DATASET CONTENT: Begin
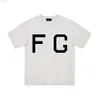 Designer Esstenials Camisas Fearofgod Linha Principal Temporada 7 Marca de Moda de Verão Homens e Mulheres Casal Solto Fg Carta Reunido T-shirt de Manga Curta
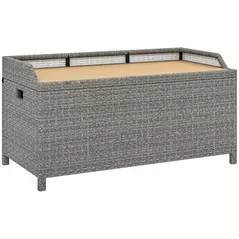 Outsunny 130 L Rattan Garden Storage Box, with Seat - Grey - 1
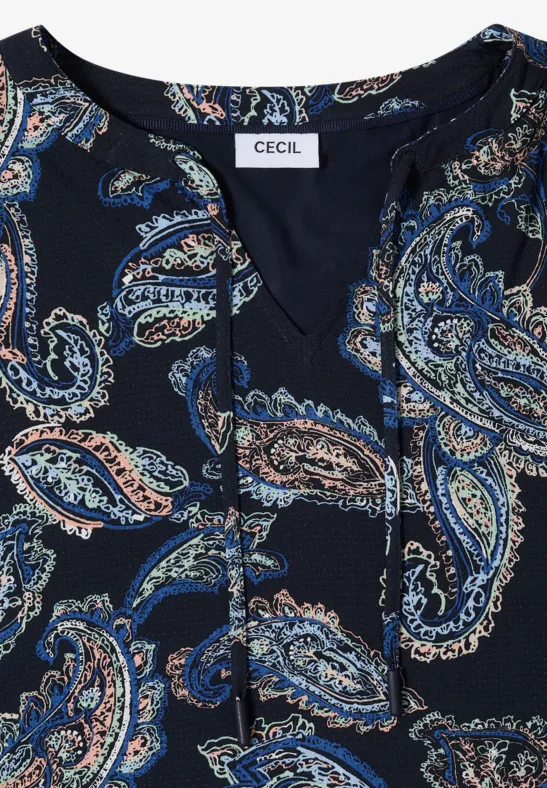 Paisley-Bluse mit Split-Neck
DATASET CONTENT: End
BRIEF:
The expected output is the complete listing, word for word, without any picture.

SOLUTION FOR THIS PROBLEM:
 Designer Esstenials Camisas Fearofgod Linha Principal Temporada 7 Marca de Moda de Verão Homens e Mulheres Casal Solto Fg Carta Reunido T-shirt de Manga Curta
 Outsunny 130 L Rattan Garden Storage Box, with Seat - Grey - 1
 Paisley-Bluse mit Split-Neck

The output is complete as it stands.